The story of Ola, from a ride-hailing pioneer to an electric vehicle (EV) aspirant, is now a cautionary tale about the perils of losing focus. Founder Bhavish Aggarwal's grand vision of creating a interconnected tech empire has hit serious roadblocks, with Ola Electric's core business sputtering and its stock price in a freefall.
The Ambitious Pivot and Its Cost
Since founding Ola Cabs in 2010, Bhavish Aggarwal has launched a series of businesses at a frenetic pace. His vision connected ride-sharing, food delivery, electric scooters, digital payments, and even AI models for Indian languages into one unified theory. However, this polymath ambition has blurred the company's strategic identity. The latest move—selling home inverters through retail stores originally built for electric scooters—highlights a scramble for revenue as the primary engine falters.
The data reveals a stark picture. Ola Electric's share of the electric two-wheeler market has collapsed from 36.7% in 2024 to roughly 16% by the end of 2025. Its "Futurefactory," once touted as a global game-changer, is now being redirected towards energy storage solutions.
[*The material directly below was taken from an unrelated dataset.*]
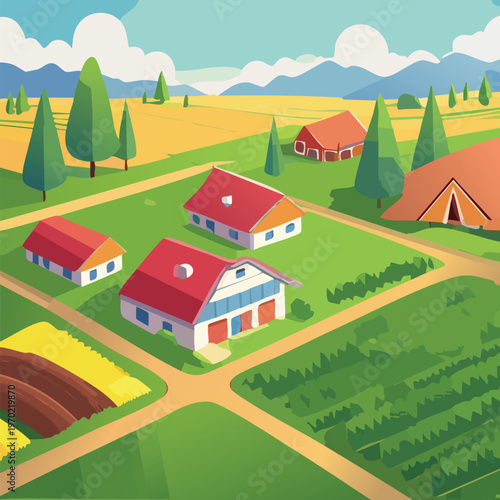 Cartoon farm scene with houses fields trees and bright landscape illustration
Meanwhile, market leadership has decisively shifted to established players like TVS, Bajaj, and its key rival, Ather Energy.
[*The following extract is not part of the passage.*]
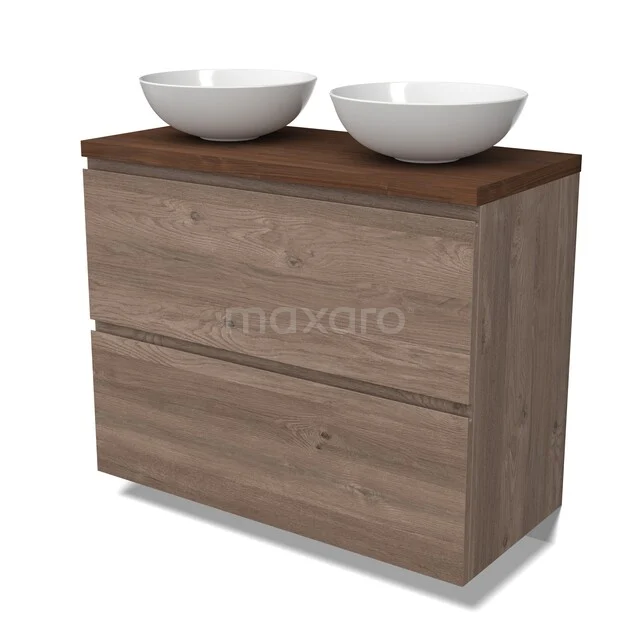 Modulo Plato Vanity units for countertop basin | 100 cm Mid brown oak Handle-less front Walnut worktop 2 stacked drawers under each other BMK13-01222 Houten badkamermeubel met dubbele wastafelkommen, modern design en natuurhouten afwerking voor een stijlvolle badkamer.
Operational Chaos and Investor Flight
The company's troubles extend beyond strategy to daily operations. Social media platforms are flooded with customer complaints about non-existent service centres, debilitating software bugs that render scooters unusable, and an utterly overwhelmed customer support system. This operational friction has severely damaged brand trust.
Investors have borne the brunt of this turmoil. Following its high-profile Initial Public Offering (IPO) in August 2024 at ₹76 per share, Ola Electric's stock has nosedived to around ₹40, marking a devastating 47% decline. This erosion of market capitalisation reflects a severe crisis of confidence.
The Fox vs. The Hedgehog: A Lesson in Focus
Analysts point to a chronic lack of focus as the root cause. The management philosophy from "Good to Great" distinguishes between the fox, who chases many ideas, and the hedgehog, who simplifies the world into one core concept. Aggarwal's approach resembles the fox, constantly leaping to new ventures without solidifying the previous one, thereby failing to build a durable operational moat.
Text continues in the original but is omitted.